A poet experiences the world as language: there is no separation between one's senses and one's style, like a hermit who can no longer be distinguished from real places that do exist and that are formed in the very founding of society---which are something like counter-sites, a kind of effectively enacted utopia in which real sites, all the other real sites that can be found within the culture, are simultaneously represented, contested, and inverted. Places of this kind are outside of all places, even though it may be possible to indicate their location in the face of a cliff. [4] [The bolded text is from Joel Weishaus. The unbolded text is from M. Foucault, 'Of Other Spaces.' Diacritics 16 (Spring 1986). p. 22]
It is through this style that Weishaus explores the themes of home, human relationships, and religion - and all within the embrace of nature. Throughout this journey, there is an aching sense of reaching for more.
After eons of worship and grief, why is wisdom still elusive? [5]
As well, there is humility in this yearning, a subdued recognition that the search is everlasting.
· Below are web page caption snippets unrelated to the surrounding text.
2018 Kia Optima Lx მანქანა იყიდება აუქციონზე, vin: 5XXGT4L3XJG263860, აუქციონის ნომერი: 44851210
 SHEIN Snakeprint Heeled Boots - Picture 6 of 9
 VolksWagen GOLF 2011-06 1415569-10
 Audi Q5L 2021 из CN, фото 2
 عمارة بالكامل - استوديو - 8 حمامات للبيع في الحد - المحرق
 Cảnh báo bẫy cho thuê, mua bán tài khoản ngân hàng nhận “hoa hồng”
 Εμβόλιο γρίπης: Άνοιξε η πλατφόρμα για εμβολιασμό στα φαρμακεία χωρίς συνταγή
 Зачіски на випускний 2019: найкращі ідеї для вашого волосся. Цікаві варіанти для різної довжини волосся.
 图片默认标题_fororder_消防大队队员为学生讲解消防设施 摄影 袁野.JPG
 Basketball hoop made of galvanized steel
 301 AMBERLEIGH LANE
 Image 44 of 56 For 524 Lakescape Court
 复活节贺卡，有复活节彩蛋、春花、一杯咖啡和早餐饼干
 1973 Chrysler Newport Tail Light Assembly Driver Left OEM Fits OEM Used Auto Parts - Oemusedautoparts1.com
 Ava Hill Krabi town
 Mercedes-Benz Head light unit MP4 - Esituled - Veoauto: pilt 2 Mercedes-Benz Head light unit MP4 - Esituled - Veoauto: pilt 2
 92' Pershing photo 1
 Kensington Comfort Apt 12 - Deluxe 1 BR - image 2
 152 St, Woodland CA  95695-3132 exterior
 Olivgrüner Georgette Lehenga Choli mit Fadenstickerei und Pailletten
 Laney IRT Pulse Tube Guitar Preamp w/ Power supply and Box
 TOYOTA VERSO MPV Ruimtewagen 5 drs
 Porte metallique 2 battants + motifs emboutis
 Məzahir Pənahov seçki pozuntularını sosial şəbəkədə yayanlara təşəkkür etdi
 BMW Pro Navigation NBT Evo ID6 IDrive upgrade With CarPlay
<6> One beauty of this text is in its similarity to life itself: there is no one overarching theme, but rather many themes that intersect and play upon each other, just as our life is not merely one path towards one goal no matter how controlling or issue-focused we choose to be. Consequently, the text can be examined and dissected from many different angles, from one of the broad themes of place and identity or from a more specific examination of, for example, the sexual discourse interspersed throughout the text or the visual images that accompany the text. There is depth to this writing, and to the project itself. And this depth complements the invagination style itself since it further encourages the reader's freedom. There are gems in this text - from Weishaus' words to the quotes he chose to the presentation of the material itself, and each reader finds the gems that speak to her at that moment in time.

<7> There is not enough time in this article to critically and accurately review the many themes in the text. Instead, and in the spirit of Weishaus' journey, here is a selection of gems that the reader of this article can jump from - as one skips from stone to stone in a calm lake - to gather one sense of the presentation in Forest Park alone one of the running themes.

<8> In his opening paragraph, one of the gems of identity is presented through a poem from Japanese Zen Master Soen Nakagawa.

Touching one another
each becomes
a pebble of the world [6]
One's identity as connected to others is touched upon throughout the text. Weishaus connects with this issue again when he later writes:

I am seated in a large audience. My name is called. I walk to the stage, shaking hands along the way. At the podium, looking into a mass of blurry faces, I say: "A minute ago I was one of you. Now I'm up here, facing you. In a few minutes, I will take my seat again. Even when one of us steps forth, we are always only a part of each other." [7]
And how is our sense of identity impacted by the natural world around us, especially when this natural world is diminishing?

What is a city?
A paved-over
forest peeking through
the cracks. [8]
What happens to us when we are thus displaced from our native environment?
Like with captured animals and plants, humans are deracinated from the rhizomic world; however, with us it has more to do with the breadth of insight than where the body resides [9].
And if:
Trapped in civilization, captured animals absorb the violence of the human world. The Stockholm Syndrome: "The captives begin [10] to identify with their captors. At least at first this is a mechanism, based on the (often unconscious) idea that the captor will not hurt the captive if he is cooperative and even positively supportive. The captive seeks to win the favor of the captor in an almost childlike way." [11]
Then do humans also absorb the violence in the manner of the Stockholm Syndrome captives? And, if so, who are our captors? Or, are we both the captives and the captors? And, if so, how do we break the chains that we have created?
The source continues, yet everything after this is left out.